Question

Divergence Theorem
see attachment

Answer 1

hold up let me try to attempt #16...but geez when I take the partial derivatives, I get screwed over on the j term

Answer 2

@Euler271 @ChristopherToni

Answer 3

are you taking grad(F)?

Answer 4

the gradient of*

Answer 5

wait wait... I'm using divergence Theorem...I'll get an attachment on sonosfnosdfh

Answer 6

what's the entire formula?

Answer 7

k hold on

Answer 8

that front page should have the divergence

Answer 9

oh crud I have to find the outward flux using the divergence theorem

Answer 10

across the boundary of region d

Answer 11

this is just an example

Answer 12

but what's strange is that for the previous problems I didn't have to use the n part...you just have to find whatever the equation is with the divergence theorem and then afterwards you integrate according to what the D is saying

Answer 13

@ChristopherToni

Answer 14

you can also do it the normal way I think. Like you have it.

\[\int\limits_{0}^{2\pi}\int\limits_{1}^{\sqrt2}\int\limits_{2}^{-1} \nabla F\ rdzdrd \theta\]

Answer 15

but the problem is that I have a z lurking in its a**. How do I get rid of it?

Answer 16

damn z. if that was gone it would make my life easier

Answer 17

O_O
so I can start to do antiderivatives all the way in terms of z rdr and dtheta?

Answer 18

i'm pretty sure you can. do you have the solution?

Answer 19

not yet this is what I have so far..the r in the denominator... might cause problems or not

Answer 20

you know what, im really not sure anymore. i would forget what i said about being able to mix polar and z.

try doing it the lame way with x, y and z

but you might just need to use the surface way.

Answer 21

there's just...blah I got stuck in the middle of all this...the only way I could get through is accidentally getting the partial derivative of y wrong for the j term.

Answer 22

So, for starters, if \(\large F= \left\langle \ln(x^2+y^2),\dfrac{2z}{x}\arctan\dfrac{y}{x}, z\sqrt{x^2+y^2}\right\rangle\) we have that
\[\large \begin{aligned}\mathrm{div}\,F &= \nabla\cdot F \\ &= \frac{2x}{x^2+y^2}+\frac{2z}{x}\frac{x^2}{x^2+y^2}\cdot \frac{1}{x} + \sqrt{x^2+y^2}\\ &= \frac{2x+2z}{x^2+y^2}+\sqrt{x^2+y^2} \end{aligned}\]
In cylindrical coordinates, this would simplify to \(\large \dfrac{2\cos\theta}{r} +\dfrac{2z}{r^2}+r\).

Also, in cylindrical coordinates, \(\large 1\leq x^2+y^2\leq 2\implies 1\leq r\leq \sqrt{2}\text{ and } 0\leq \theta\leq 2\pi\) (since there was no restriction on which octant we're working in), and \(\large -1\leq z\leq 2\).

Therefore, the triple integral you should get in cylindrical coordinates is
\[\large \iiint\limits_G\mathrm{div}\,F\,dV = \int_0^{2\pi}\int_1^{\sqrt{2}}\int_{-1}^2 2\cos\theta+\frac{2z}{r}+r^2\,dz\,dr\,d\theta\]
I assume you can take things from here?

Answer 23

ok let me try getting this on paint and come back

Answer 24

hey!

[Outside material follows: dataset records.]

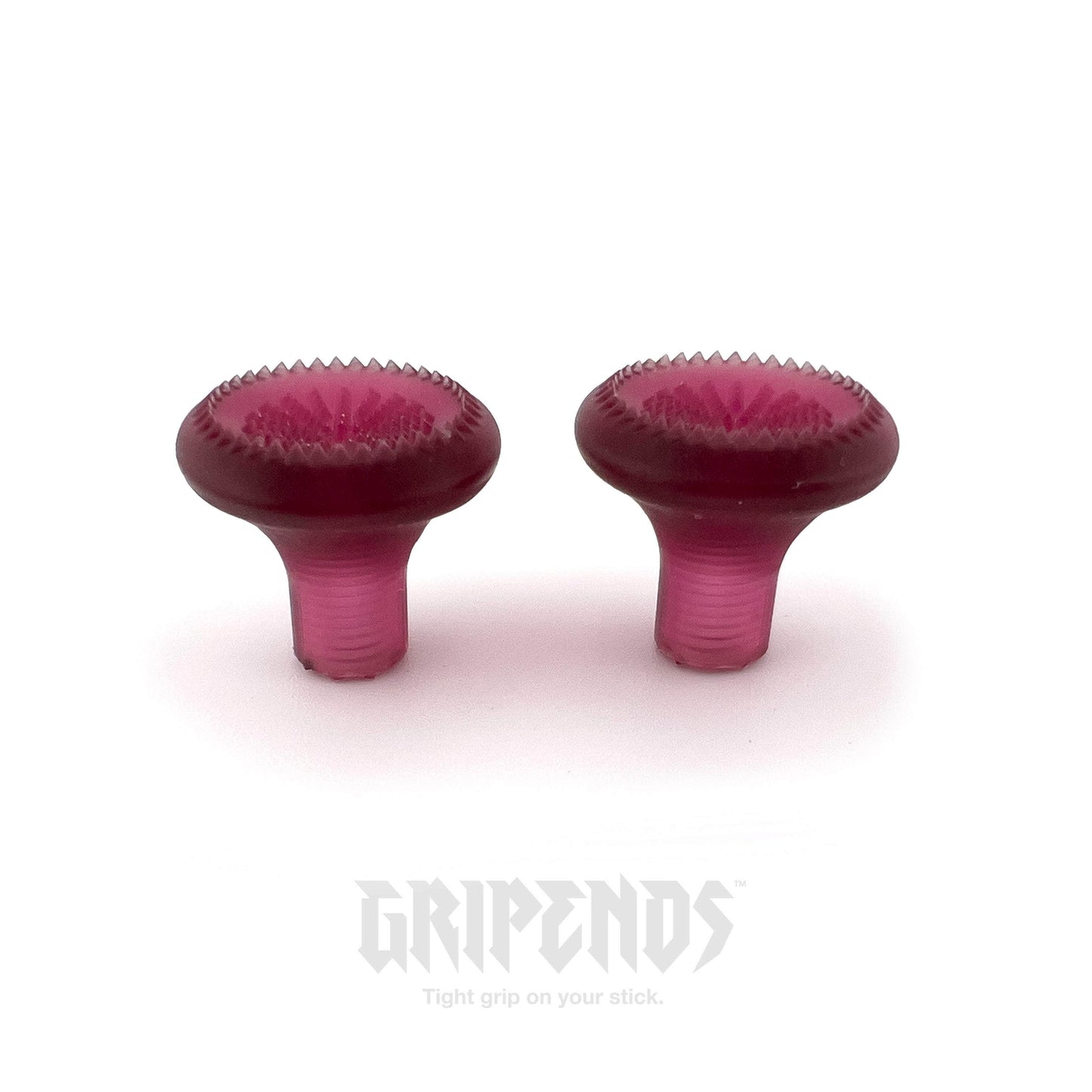 WREKD Co. Radio, Accessory, Stick End M4 / 🍇 Grape Jelly WREKD® GripEnds - Gamers - Choose Thread Size / Color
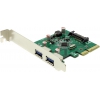 Espada <FG-EUSB312A-1-BU01> (OEM) PCI-Ex4,  USB3.1, 2 port-ext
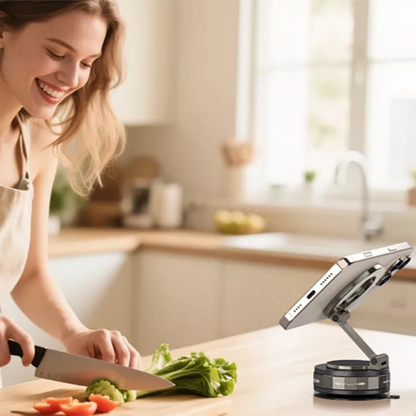 Soporte magnético para teléfono con ventosa ajustable de 360°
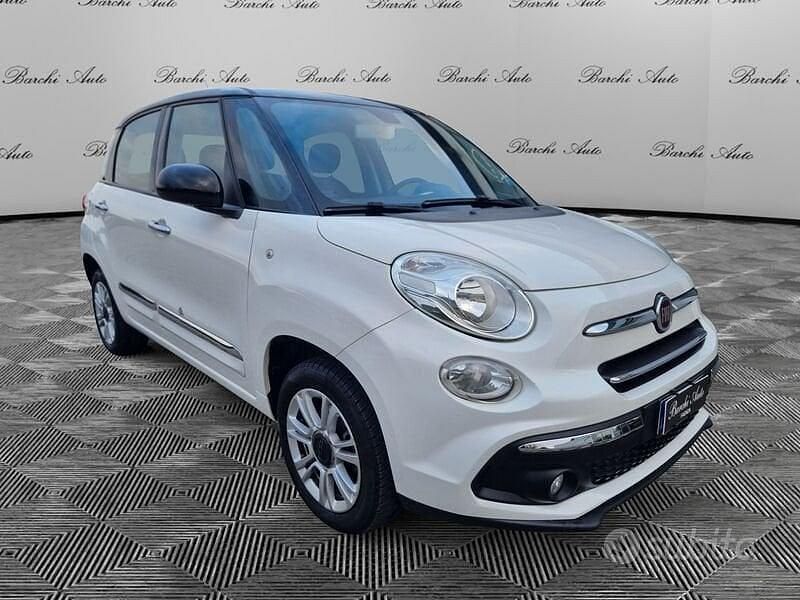 Usata Fiat 500L Lounge 84 CV (61 kW) 2017 Bianco Monovolume
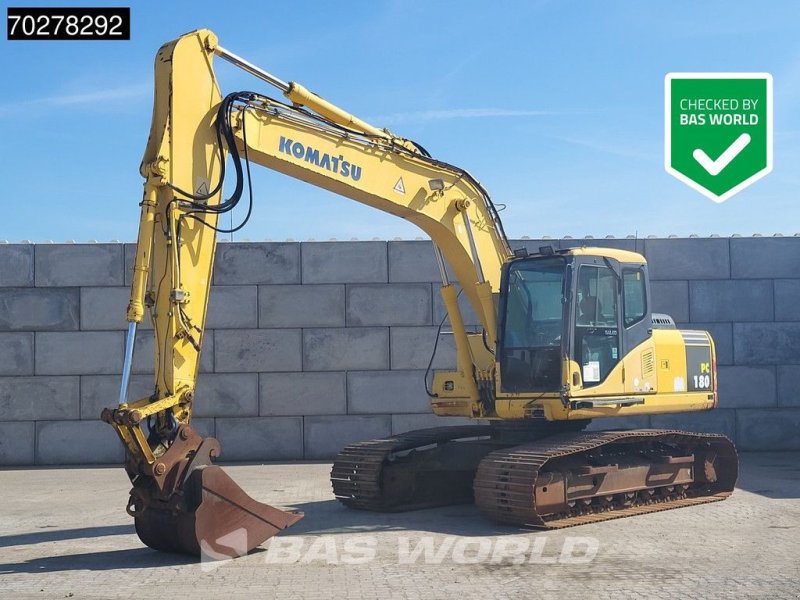 Kettenbagger typu Komatsu PC180LC-7K, Gebrauchtmaschine v Veghel (Obrázek 1)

Wouldn't there be a dzrdrdtheta?

Answer 25

yes but he included the r already. its fully simplified and ready to integrate lol

Answer 26

Yea, I got a little lazy at the end and simplified it all the way through...lol

Answer 27

fjdsksalsdajdskl crap I added an r one sec

Answer 28

ok I got two different answers thanks to the slip up ROFL

Answer 29

have no idea which is right the black or the blue

Answer 30

o-o

Answer 31

ughhhh there's an error oh mannn!

Answer 32

You're missing some numbers throughout the calculation. XD

We have that
\[\large \begin{aligned} &\phantom{=}\int_0^{2\pi}\int_1^{\sqrt{2}}\int_{-1}^2 2\cos\theta+\frac{2z}{r}+r^2\,dz\,dr\,d\theta \\ &= \int_0^{2\pi}\int_1^{\sqrt{2}}\left.\left[2z\cos\theta + \frac{z^2}{r}+r^2z\right]\right|_{-1}^2\,dr\,d\theta\\ &= \int_0^{2\pi}\int_1^{\sqrt{2}}\left[\left( 4\cos\theta+\frac{4}{r}+2r^2\right) -\left(-2\cos\theta + \frac{1}{r} - r^2\right)\right]\,dr\,d\theta\\ &= \int_0^{2\pi}\int_1^{\sqrt{2}} 6\cos\theta + \frac{3}{r}+3r^2\,dr\,d\theta \\ &= \int_0^{2\pi}\left.\left[6r\cos\theta +3\ln r + r^3\right]\right|_1^{\sqrt{2}}\,d\theta\\ &= \int_0^{2\pi}\left[\left( 6\sqrt{2}\cos\theta +3\ln\sqrt{2} +(\sqrt{2})^3\right)-\left(6\cos\theta +3\ln 1 + 1\right)\right]\,d\theta\\ &= \int_0^{2\pi} (6\sqrt{2}-6)\cos\theta +3\ln\sqrt{2}+2\sqrt{2}-1 \,d\theta \\ &= \left.\left[(6\sqrt{2}-6)\sin\theta +(3\ln\sqrt{2}+2\sqrt{2}-1)\theta \right]\right|_0^{2\pi}\\ &= 2\pi(3\ln\sqrt{2} +2\sqrt{2} -1)\\ &= \pi(6\ln\sqrt{2}+4\sqrt{2}-2)\\ &= \pi (\ln 8 +4\sqrt{2}-2)\end{aligned}\]

Answer 33

i get the same result. i derived 3/r instead of integrating it

Answer 34

I might have finally got it, but the damn distribute the whole thing with r first threw my a** off

Answer 35

because I'm used to doing dzrdrdtheta

Answer 36

ok so all I need is just one more and that's #22 with this super box thing and I'm done

Answer 37

Ah, I was taught to do it the other way: \(r\,dz\,dr\,d\theta\) and then simplify everything first.. XD

Answer 38

not in my class hell no... lol

Answer 39

#22 only and that's it YAY!

Answer 40

Ugh...I loathe flux... >_>

Answer 41

For 22, though, note that \(\nabla\cdot F = 1-2+1 = 0\), but I'm not sure what to do from here. XD

Answer 42

damn me neither

Answer 43

maybe that's it? lol

Answer 44

well we could dydx it? since y =0 y = 1 x = 0 x =1